I have an ongoing joke with my wife Candace about my “system”. It’s the way I like to heat the rooms of our little house in the winter, and it involves turning in-room heaters on or off and opening or closing certain doors at various strategic times. Candace smiles at the arcaneness of my “system”. Here, where I am referring to my “system,” I mean “a way of doing things” that I repeat each day when the outside environment calls for it.
We can call the local weather a system in another way. It is certainly a regular way of doing things, but, unlike my opening and closing doors, it is not a goal-directed process. It is a natural, self-organized, physical process that begins in the Pacific Ocean and sweeps across parts of North America, eventually dissipating over the Atlantic.
There are many other regional weather systems around the Earth, and these together make up an evolving Global Climate System that is presently warming, but that last wrapped most of the Northern Hemisphere in ice sixty thousand years ago and then melted away over tens of thousands of years. The global Climate System has profound effects on Earth’s surface geology, and on the evolution of living ecosystems.

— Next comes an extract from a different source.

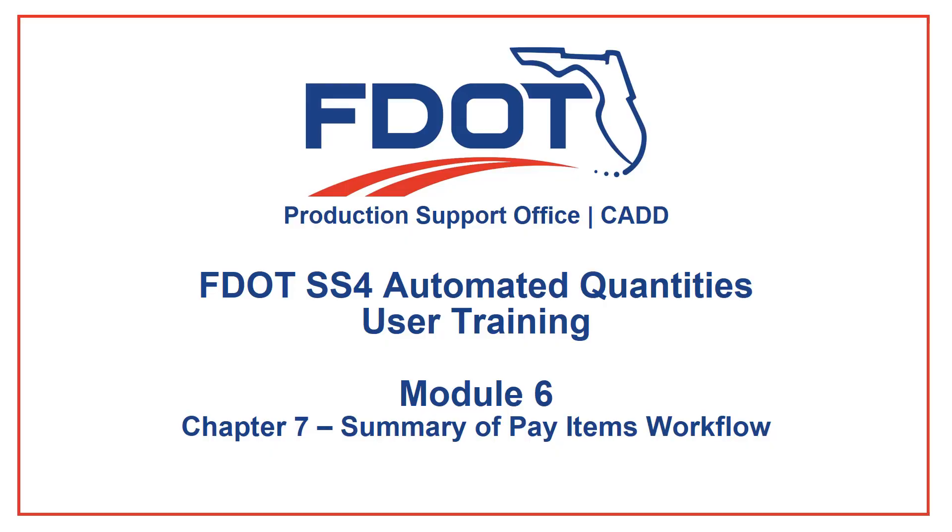Welcome to the FDOT Automated Quantities Training for MicroStation Select Series 4, Module 6. This video will cover Chapter 7 from the Automated Quantities Training Guide and will discuss the Summary of Pay Items workflow.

Here’s how I see things: The Universe is a system, and it’s a hierarchy of systems all the way down to the finest detail. Here on Earth we are a part of the Solar System, which is, of course, a ridiculously tiny part of the Universe. But we are in an orbit around the Sun that has afforded the Earth a temperature range that has kept most of its water in a liquid state for four billion years, and this is what has made the continued existence of life possible.
We humans are part of the Earth’s biosphere, or Life-system.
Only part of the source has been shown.